Interestingly, LLMs -can- write good children’s stories, where the principal goal is actually to teach the language of story - the characters, tropes, and plots that are the stories of our culture.
AI won’t enthrall and inspire with its creativity or unorthodox plot lines. It won’t write an interesting article, perform an engaging interview, or employ the imagination of the reader except in the most tedious of ways. It will reformulate and recite elements from a thousand different stories to tell a new one, but not in a way that creates something meaningfully new.
Perhaps fortunately, most labor is squarely within the realm of fully solved problems. We need robots to do work that requires almost no thinking for a human, but that rather numbs the mind. That encompasses at least 25% of all labor, perhaps much more if we include unpaid labor. We need OCR that interprets charts, tables, and images. We need forms filled out and questions answered from a pile of documents. We need data classified, entered, and filed. We need to give people access to information through an interface that has no learning curve and anticipates their needs with uncanny accuracy. We need an over-the-shoulder helper and second opinion when reviewing images, briefs, and papers, a skeptic to curb our vanity, and a rubber ducky that can blow through the boilerplate and keep us from having to reinvent the wheel for the nth time.
These are all tasks that AI -can- be trained to do, even if our current training priorities and paradigms have made limited inroads into the problem space.

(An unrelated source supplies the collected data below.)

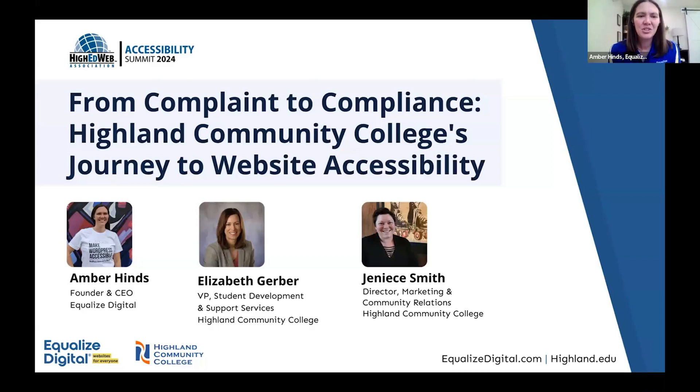Hi, and welcome to Complaint to Compliance, Highland Community College's Journey to Website Accessibility. I'm Amber Hines, founder and CEO of Equalize Digital. And I'm Elizabeth Gerber, Vice President and Chief Student Service Officer at Highland Community College. I'm Janice Smith, Director of Marketing and Community Relations at Highland Community College.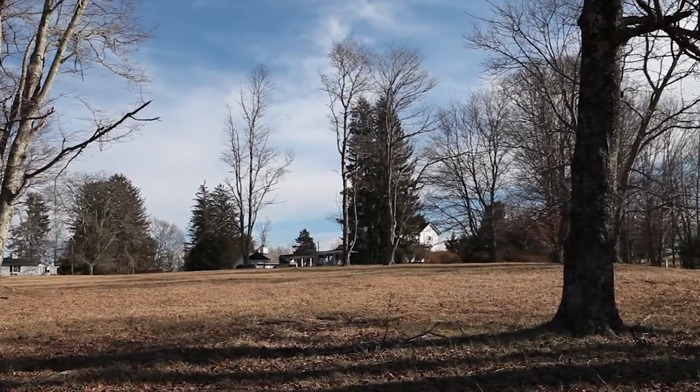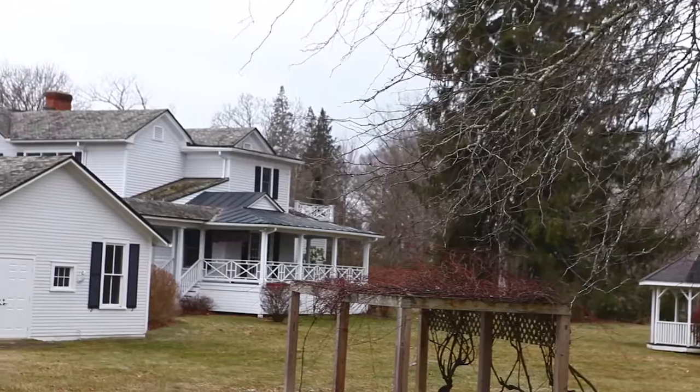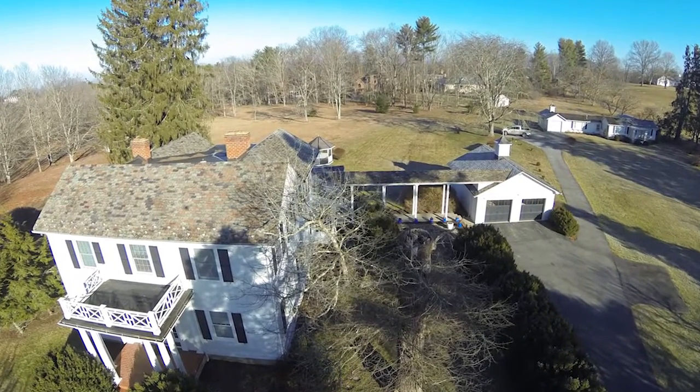With plenty of acreage and nearly 5,000 square feet of combined living space, Eastgate offers a home buyer grace, history, and design just a short stroll from historic downtown Lewisburg.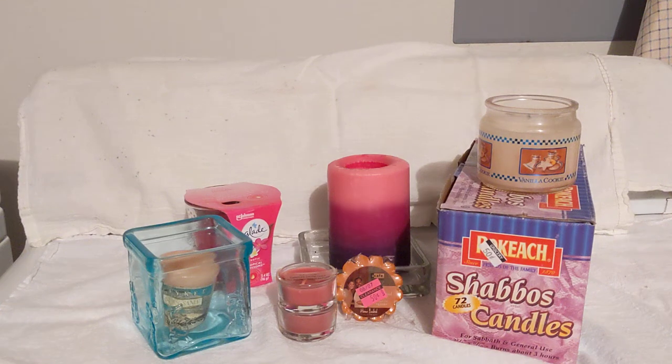Welcome back to my channel. Today I'm going to be talking about candles. In the video you see quite a few different types of candles. There's a pillar candle with different colors, different scents, different candle holders, and tiny candles that might float in water in the middle of the table for decoration.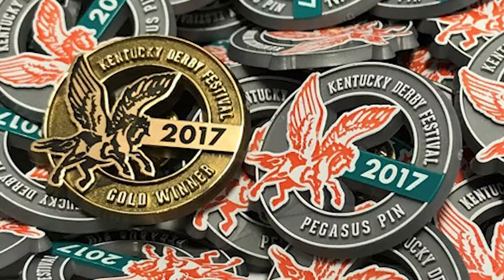Now on your lapel you've got a couple versions of the Pegasus pin — I've got several here. What's the history quickly behind that, because it's such an iconic thing with the Derby Festival? And how you pick a new one every year with the poster of course.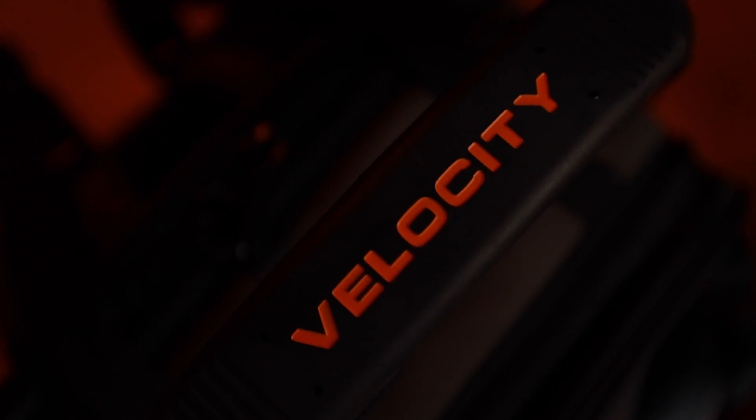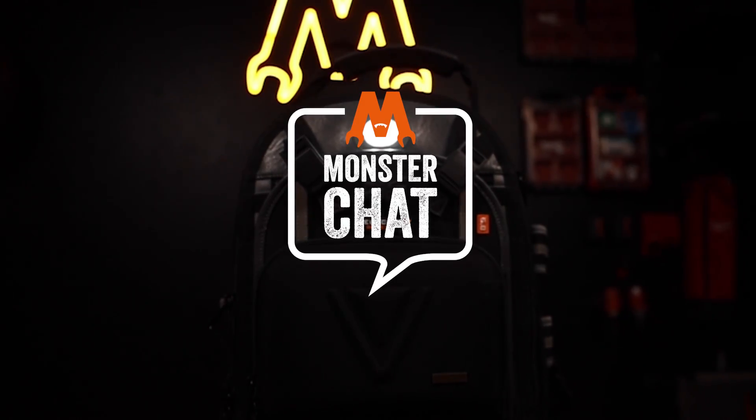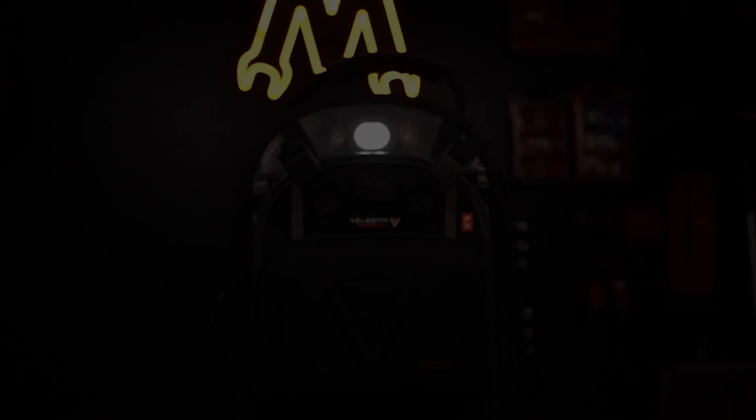Hi everyone, welcome back to the Toolmonster Tom. We've got a really special guest here today — we've got Tony, a good friend of mine. Thanks for having me. Great to have you here. I really just want to give everyone a quick introduction about yourself, what company you're from, and just a quick background. I'm Tony, I'm the MD at Velocity Pro Gear.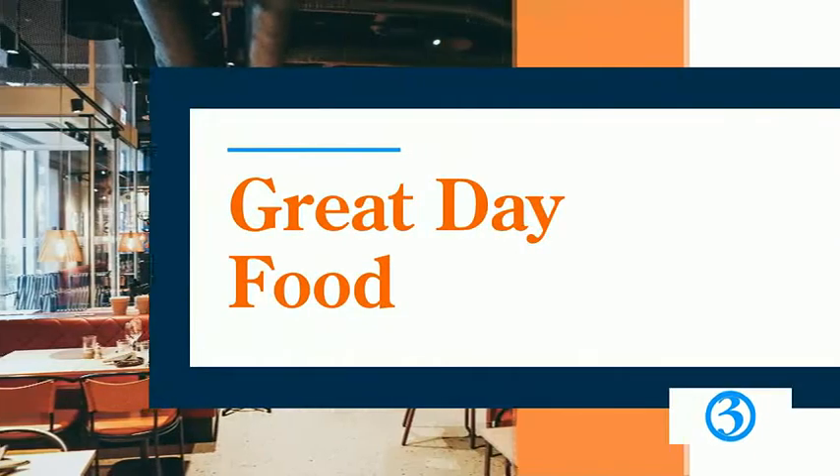Welcome back everybody. Time now for Great Day Food. For so many of us, fall means football season. And if you're hosting a watch party, there are easy ways to spend less time in the kitchen on game day and more time enjoying the game.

Even without “AGI” (whatever that has grown to mean), this is enough to turn society on its ear, increasing productivity to well beyond the point of utility in many sectors, sparking a third industrial revolution with orders of magnitude decreases in the cost of many classes of labor.
I think all of this will happen, for better or for worse. But most of it will happen after this bubble has burst, after the fanciful aspirations of a brilliant, all knowing super product have faded.

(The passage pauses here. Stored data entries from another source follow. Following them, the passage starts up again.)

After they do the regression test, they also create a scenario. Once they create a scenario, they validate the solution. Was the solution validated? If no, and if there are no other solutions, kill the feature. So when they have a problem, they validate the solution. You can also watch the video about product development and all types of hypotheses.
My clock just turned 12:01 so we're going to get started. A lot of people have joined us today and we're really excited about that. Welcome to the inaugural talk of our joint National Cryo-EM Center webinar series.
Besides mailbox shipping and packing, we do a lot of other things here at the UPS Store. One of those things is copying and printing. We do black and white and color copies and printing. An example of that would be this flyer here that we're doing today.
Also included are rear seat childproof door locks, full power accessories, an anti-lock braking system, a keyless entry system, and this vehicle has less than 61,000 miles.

Perhaps someday we will manage to create an actual creative engine, and perhaps LLMs and related technologies will be a stepping stone on this path either in nature or in utility. But that is not the bubble we are in.
Right now we should be focusing on the things AI can already do much, much better than was possible before. As a handy assistant that can find the answers to well defined and knowable questions, automating repetitive cognitive tasks, searching for semantic links and relationships in information, providing an interface to datasets, translating human language instructions into software, endowing robots with language guidance and generalized capability… all of these fields are showing great promise and do not inherently collide with the limits of the technology.
By learning to leverage these strengths, we will perhaps learn how to construct new ones, or perhaps even understand intelligence well enough to take our next significant step.
You so nailed what AI (today) is and is not. This is the best explanation I've found in print anywhere of that which I have been continually expressing to those I know. This description really underscores the point I regularly make that AI (today) should not (and, really, can not) replace human ability to originate. Today's AI is wonderful at improving our human ability to originate by speeding up the process of learning and understanding that feeds our efforts to produce original work. Thank you for this; I'll be sharing it.